— Your task —
Copy out the entries below exactly as they stand, but only from the line containing "Silver Sky Metallic 2021 Toyota Tacoma SR5" through the line containing "Gellen smart LED".

— Data shown —
/---
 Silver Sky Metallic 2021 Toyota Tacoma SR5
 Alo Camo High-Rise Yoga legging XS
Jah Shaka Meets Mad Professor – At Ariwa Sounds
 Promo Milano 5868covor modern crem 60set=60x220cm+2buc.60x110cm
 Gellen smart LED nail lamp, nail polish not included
\---
/---
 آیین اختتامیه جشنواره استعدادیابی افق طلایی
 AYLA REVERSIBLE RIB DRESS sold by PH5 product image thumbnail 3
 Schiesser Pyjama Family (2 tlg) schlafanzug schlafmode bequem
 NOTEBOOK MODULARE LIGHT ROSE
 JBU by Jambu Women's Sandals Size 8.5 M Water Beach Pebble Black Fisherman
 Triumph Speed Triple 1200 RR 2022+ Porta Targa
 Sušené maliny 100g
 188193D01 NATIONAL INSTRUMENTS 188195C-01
\---
— Completed exercise —
 Silver Sky Metallic 2021 Toyota Tacoma SR5
 Alo Camo High-Rise Yoga legging XS
Jah Shaka Meets Mad Professor – At Ariwa Sounds
 Promo Milano 5868covor modern crem 60set=60x220cm+2buc.60x110cm
 Gellen smart LED nail lamp, nail polish not included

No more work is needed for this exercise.